Foremost at the picture's edge he stands

above the world by a hand's breadth

and is about to step over the frame's

threshold. Georgius Miles,

man with the iron torso, rounded chest

of ore, red-golden hair and silver

feminine features. The face of the unknown

Grünewald emerges again and again

in his work as a witness

to the snow miracle, a hermit

in the desert, a commiserator

in the Munich Mocking of Christ.

Last of all, in the afternoon light

in the Erlangen library, it shines forth

from a self-portrait, sketched out

in heightened white crayon, later destroyed

by an alien hand's pen and wash,

as that of a painter aged forty

to fifty. Always the same

gentleness, the same burden of grief,

the same irregularity of the eyes, veiled

and sliding sideways down into loneliness.

Grünewald's face reappears, too,

in a Basel painting by Holbein

the Younger of a crowned female saint.

These were strangely disguised

instances of resemblance, wrote Fraenger

whose books were burned by the fascists.

Indeed it seemed as though in such works of art

men had revered each other like brothers, and

often made monuments in each other's

image where their paths had crossed.

Hence too, at the centre of

the Lindenhardt altar's right wing,

that troubled gaze upon the youth

on the other side of the older man

whom, years ago now, on a grey

January morning I myself once

encountered in the railway station

in Bamberg. It is St. Dionysius,

his cut-off head under one arm.

To him, his chosen guardian

who in the midst of life carries

his death with him, Grünewald gives

the appearance of Riemenschneider, whom

twenty years later the Würzburg bishop

condemned to the breaking of his hands

in the torture cell. Long before that time

pain had entered into the pictures.

That is the command, knows the painter

who on the altar aligns himself

with the scant company of the

fourteen auxiliary saints. Each of these,

the blessed Blasius, Achaz and Eustace;

Panthaleon, Aegidius, Cyriax, Christopher and

Erasmus and the truly beautiful

St. Vitus with the cockerel,

each look in different

directions without knowing

why. The three female saints

Barbara, Catherine and Margaret on

the other hand hide at the edge

of the left panel behind the back of

St. George putting together their

uniform oriental heads for

a conspiracy against the men.

The misfortune of saints

is their sex, is the terrible

separation of the sexes which Grünewald

suffered in his own person.

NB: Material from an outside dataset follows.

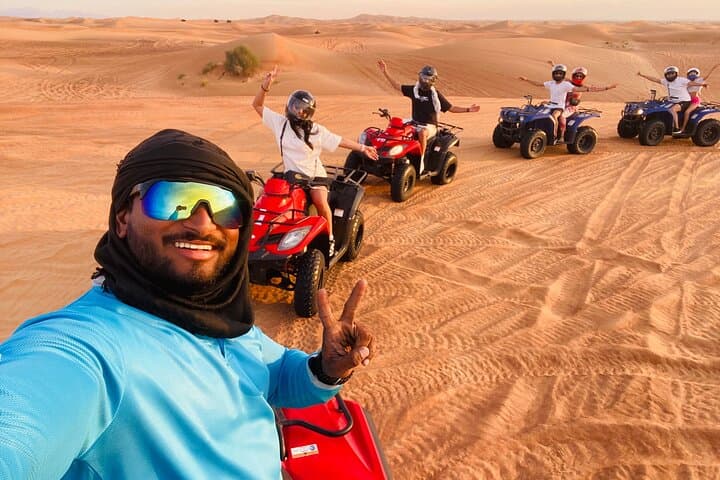 Dubai Red Dunes Quad Biking, Camel Ride & Desert BBQ Experience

The exorcised

devil that Cyriax, not only because

of the narrow confines, holds raised

high as an emblem in

the air is a female being

and, as a grisaille of Grünewald's

in the Frankfurt Städel shows in

the most drastic of fashions, derives from

Diocletian's epileptic daughter,

the misshapen princess Artemia whom

Cyriax, as beside him she kneels on

the ground, holds tightly leashed

with a maniple of his vestments

like a dog. Spreading out

above them is the branch work

of a fig tree with fruit, one of which

is entirely hollowed out by insects.
W. G. Sebald was born in Wertach im Allgäu, Germany, in 1944. He studied German language and literature in Freiburg, Switzerland, and Manchester. He taught at the University of East Anglia in Norwich, England, for thirty years, becoming professor of European literature in 1987, and from 1989 to 1994 was the first director of the British Centre for Literary Translation. His books The Rings of Saturn, The Emigrants, Vertigo, and Austerlitz have won a number of international awards, including the National Book Critics Circle Award, the Los Angeles Times Book Award, the Berlin Literature Prize, and the LiteraTour Nord Prize. He died in December 2001. View titles by W.G. Sebald

About

After Nature, W. G. Sebald’s first literary work, now translated into English by Michael Hamburger, explores the lives of three men connected by their restless questioning of humankind’s place in the natural world. From the efforts of each, “an order arises, in places beautiful and comforting, though more cruel, too, than the previous state of ignorance.” The first figure is the great German Re-naissance painter Matthias Grünewald. The second is the Enlightenment botanist-explorer Georg Steller, who accompanied Bering to the Arctic. The third is the author himself, who describes his wanderings among landscapes scarred by the wrecked certainties of previous ages.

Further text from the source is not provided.